North Korean leader Kim Jong-il told a Chinese envoy that while Pyongyang has no immediate plans to carry out another nuclear test, future tests will hinge on US policy toward the country, a news report said yesterday.
Kim made the remarks to Tang Jiaxuan (
Kim told Tang that while there is no plan to hold a second nuclear test for the moment, North Korea would have to respond if the US continues to pressure the country, according to Kyodo.
Officials at China's Foreign Ministry in Beijing had no immediate comment.
Kim also said he thinks the US is trying to crush North Korea with its hostile policy, and complained about US financial sanctions, which have been in place since September last year, Kyodo said.
Kim reiterated that the financial sanctions were an obstacle to six-way talks on the North's nuclear program and Pyongyang could return to the talks -- stalled since last November -- if the US lifts the sanctions, according to the report.

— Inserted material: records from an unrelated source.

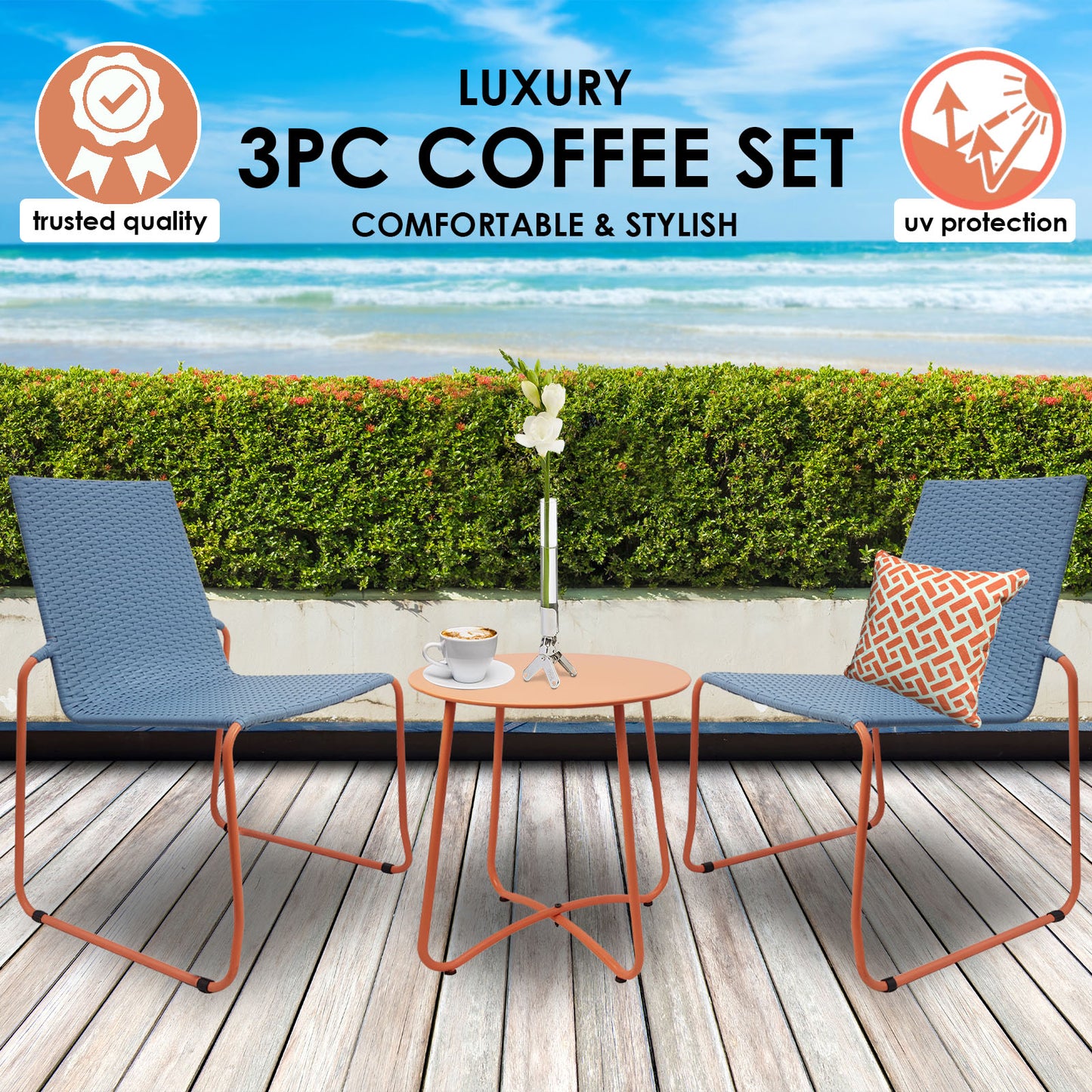 Milano 3pc Outdoor Furniture Steel/Rattan Coffee Table & Chairs Patio Garden Set - Myzenhome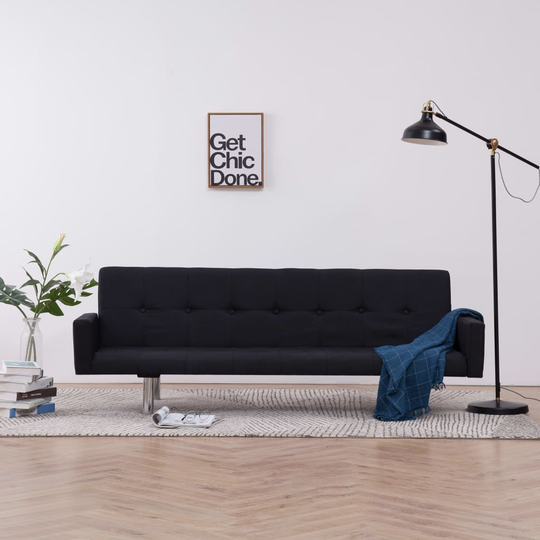 vidaXL Bäddsoffa med armstöd svart polyester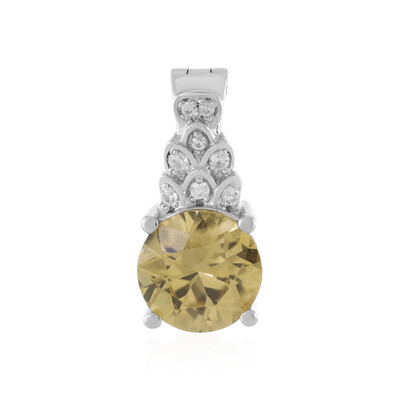 Yellow Zircon Silver Pendant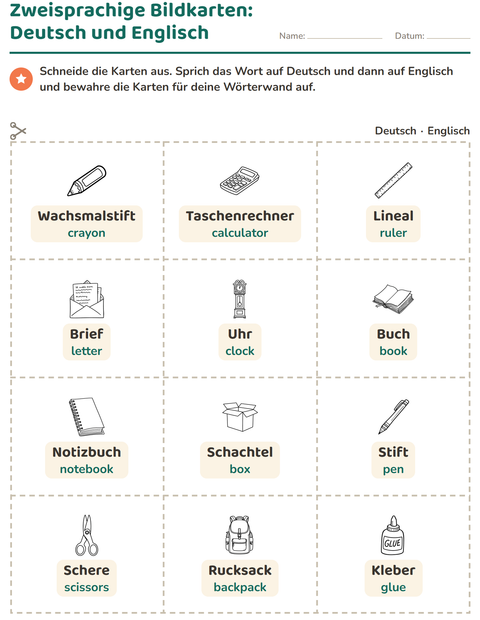 Vorschau: Bildkarten-Arbeitsblatt mit Bildung SW für Kindergarten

US Assistant Secretary of State Christopher Hill, meanwhile, went to Hong Kong for talks on frozen North Korean bank accounts in Macau, according to a spokesman for the US Consulate General.
Washington banned transactions between Macau-based Banco Delta Asia and US financial institutions in September last year, characterizing the bank as a "willing pawn for the North Korean government."

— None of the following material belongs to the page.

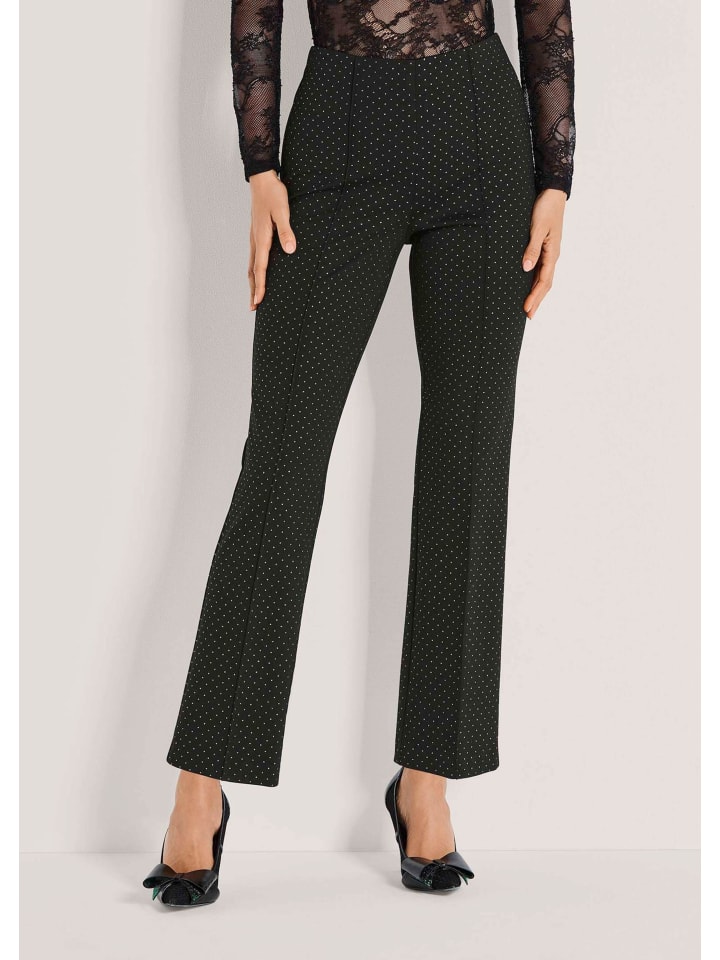 MADELEINE Блестящие широкие трикотажные брюки черно-серебристого цвета
MADELEINE Блестящие широкие трикотажные брюки черно-серебристого цвета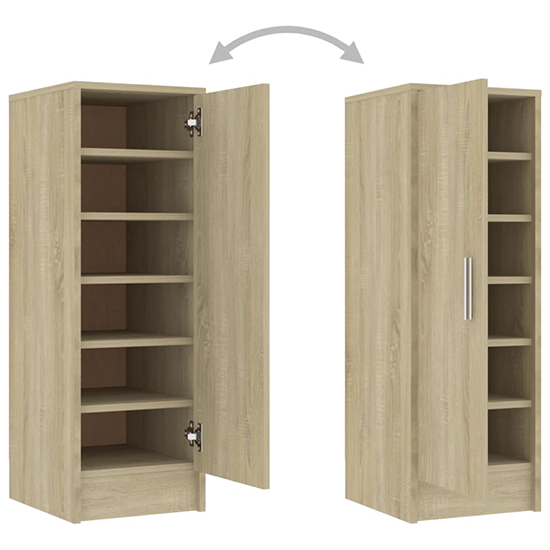 Airell Shoe Storage Cabinet With 6 Shelves In Sonoma Oak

It also alleged that the bank's clients were involved in smuggling and counterfeiting.
North Korea has denied the allegations and has made the lifting of the freeze a precondition for its return to the talks. Washington has said the financial restrictions are unrelated to the nuclear talks.
Hill came to Hong Kong after accompanying US Secretary of State Condoleezza Rice to Tokyo, Seoul and Beijing to rally support for a UN Security Council resolution imposing sanctions against the North for the nuclear test.

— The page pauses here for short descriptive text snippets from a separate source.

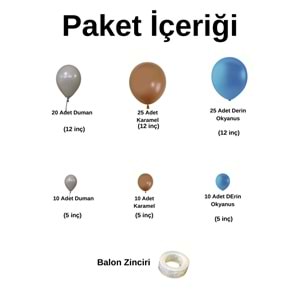 Zincir Balon Seti Karamel-Derin Okyanus-Duman 3 Renk 100 Adet +Balon Şeridi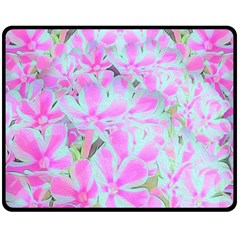 Hot Pink And White Peppermint Twist Flower Petals Double Sided Fleece Blanket (medium)  by myrubiogarden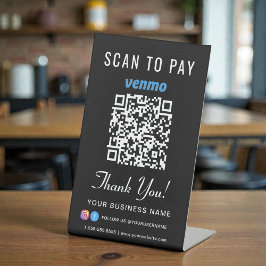 Scan to Pay Venmo QR Code Black Sockelschild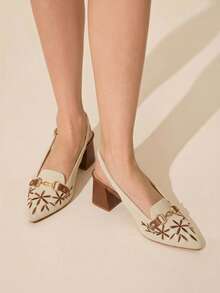 CUCCOO BASICS Women's Fashion High-Heeled Shoes, Fabric Embroidered Thread, Suitable For Summer Vacation, Back To School, College Life, Spring And Spring Break - Beige - View 2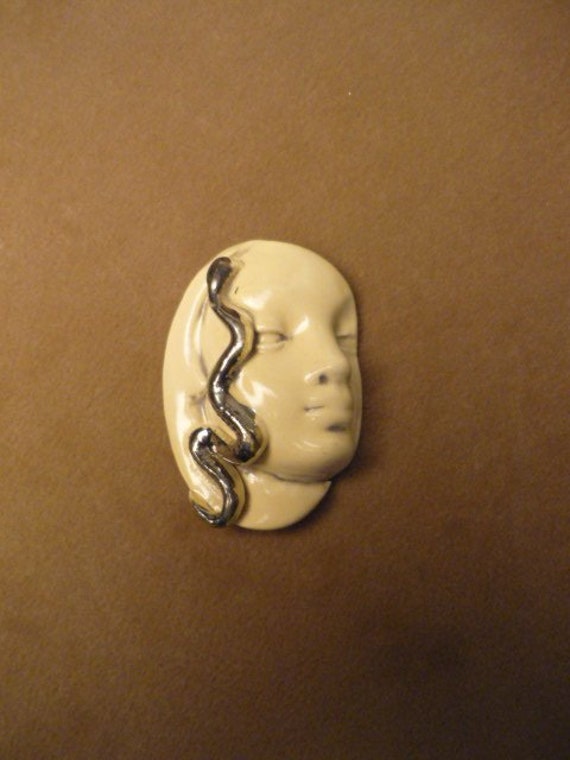 Handmade ceramic snake serpent face protective beading altar purse doll wand magic strength guardian the face Diane Briegleb 347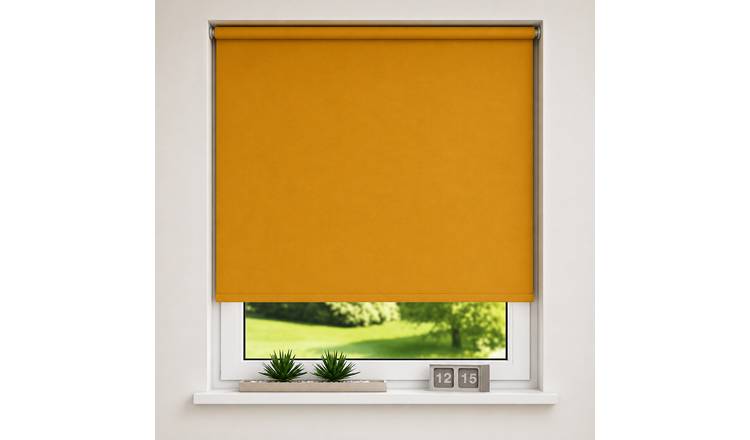 New Edge Blinds Ochre Thermal Blackout Roller Blind - 140cm x 165cm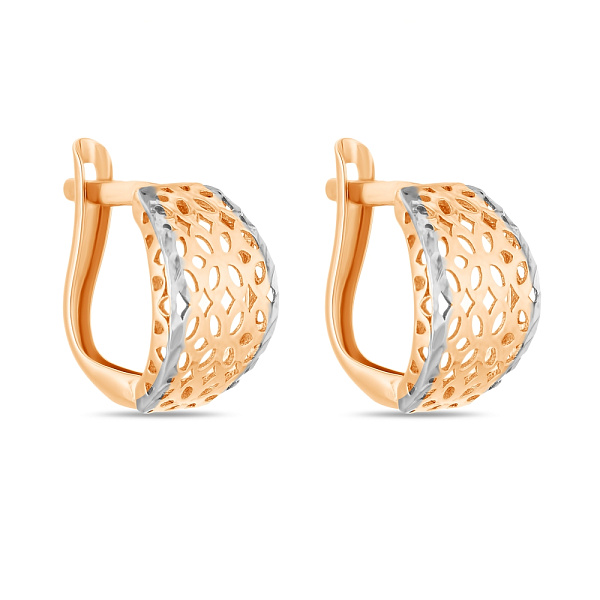 Золотые сережки с алмазной гранью (арт. 106941) – изображение 1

Rice cast doubt on reports that Pyongyang promised not to conduct more nuclear tests saying the Chinese hadn't told her any such thing when she was in Beijing.
"Councilor Tang did not tell me that Kim Jong-il either apologized for the test or said that he would never test again," Rice, who had met with Tang in Beijing, said during a visit to Moscow on Saturday.
Kyodo said in an earlier report yesterday that the Chinese government told countries involved in the six-way talks that based on Kim's comments to Tang, Beijing concluded that North Korea, at this point, has no intention of going ahead with a second nuclear test.
Beijing had briefed Tokyo about Tang's meeting, Kyodo said.